Another aspect of this is that the sign of $\mu$ doesn't matter; by making the field redefinition
$$\psi\to \exp(i\pi\gamma_5/2)\psi$$
$$\bar\psi\to \bar\psi\exp(i\pi\gamma_5/2)$$
we get
$$\bar\psi\psi\to -\bar\psi\psi$$
$$i\bar\psi\gamma^\nu\partial_\nu\psi\to i\bar\psi\gamma^\nu\partial_\nu\psi$$
which is equivalent to changing the sign of $\mu$.

fzero
Homework Helper
Gold Member
Now, I'm wondering if you can do the same thing with a spin-half particle. For example, if we have the spinor Lagrangian density

$\mathcal{L}=i\bar{\psi}\gamma^{\nu}\partial_{\nu}\psi+\mu\bar{\psi}\psi-\frac{1}{2}(\bar{\psi}\psi)^{2}$

can we shift the spinors in such a manner that we can read off the mass term? Even the simple task of minimizing the potential is confusing.
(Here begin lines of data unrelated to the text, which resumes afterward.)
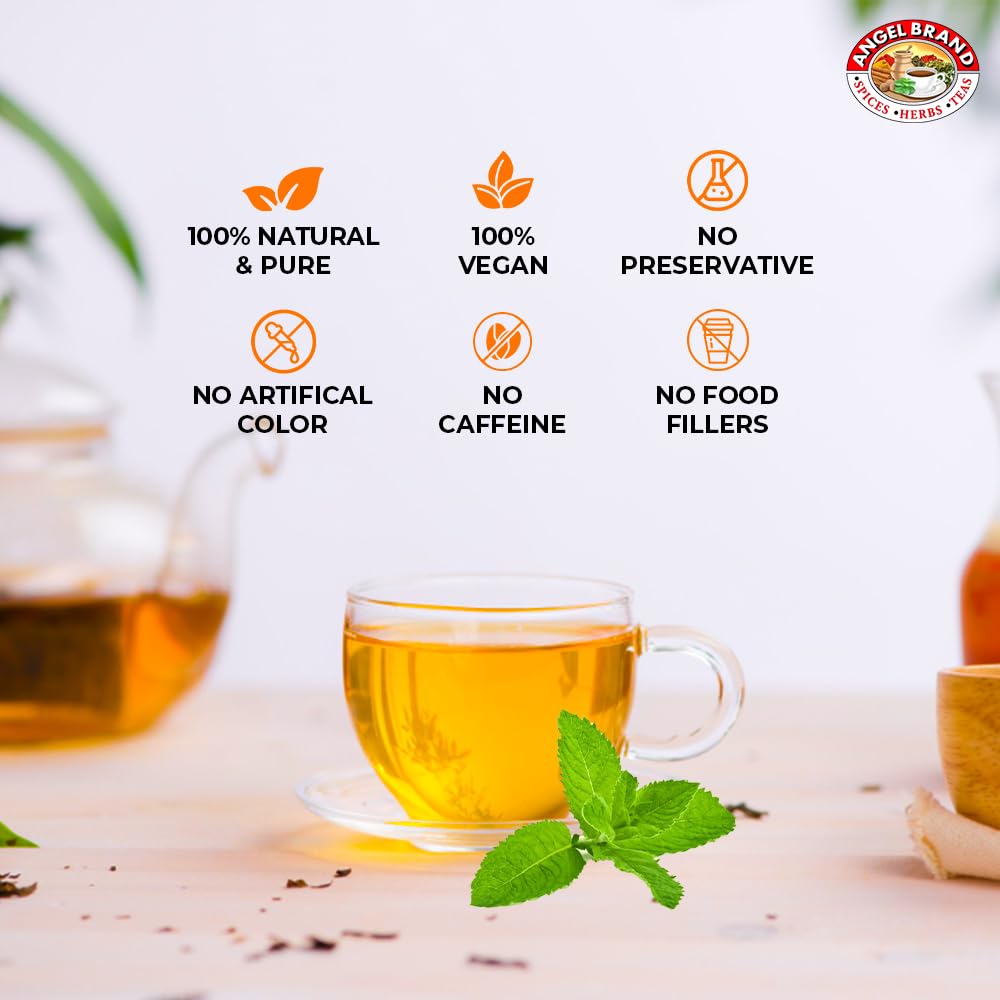 Angel Brand Peppermint Tea Bags 20 – Pack of 3 – Pure Caffeine-Free Herbal Mint Tea for Relaxation and Fresh Breath Made with Pure Peppermint for a Delightful Sip Every Time.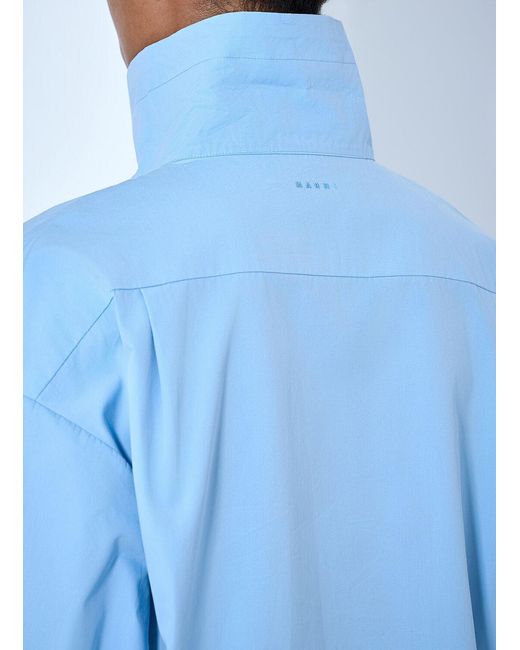 Marni Blue High-collar Buttoned Pullover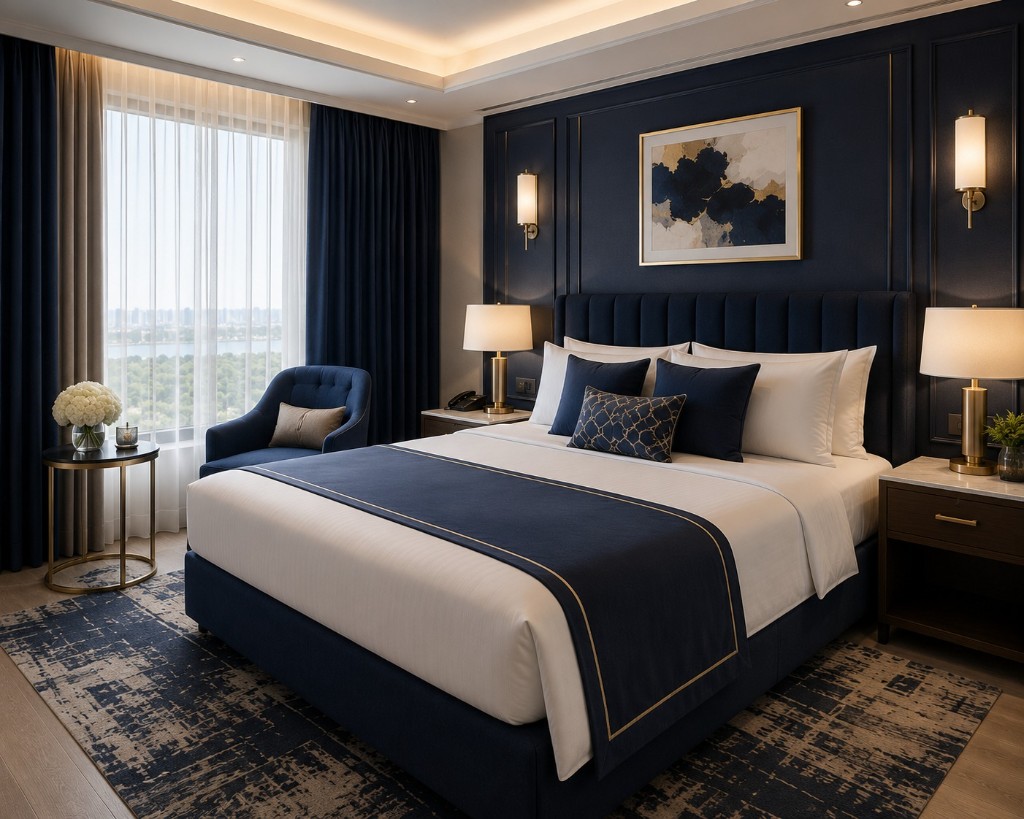 Lacivert & altın otel odası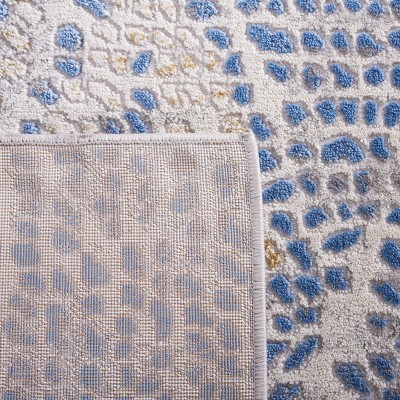 Palma Marlyne Hand-Knotted Blue Geometric 9' x 12' Area Rug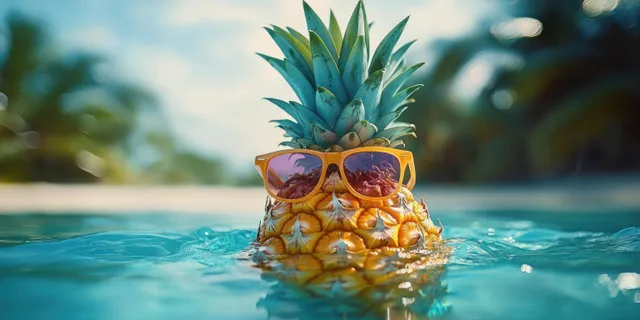 A pineapple wearing sunglasses floats in turquoise water with sunlit ripples and reflections.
If we take the partial w.r.t. ψ, then

$\frac{\partial\mathcal{L}}{\partial\psi}=\mu\bar{\psi}-\lambda\bar{\psi}(\bar{\psi}\psi)$

which when set to zero gives

$\bar{\psi}\psi_{min}=\frac{\mu}{\lambda}$.

That's as far as I can really get without confusing myself entirely. Any insight would be much appreciated.

This is a very interesting question. In 4d, the quartic term is nonrenormalizable (##\lambda## has dimensions of ##[\mathrm{mass}]^{-2}##)and doesn't affect the vacuum state. In 2d, the 4-fermi term is marginal (has the same mass dimension as the kinetic term and ##\lambda## is dimensionless) and can bind fermions (if the sign is chosen appropriately). In 2d, the model with ##\mu=0## is known as the Gross-Neveu model (a detailed solution can be found here).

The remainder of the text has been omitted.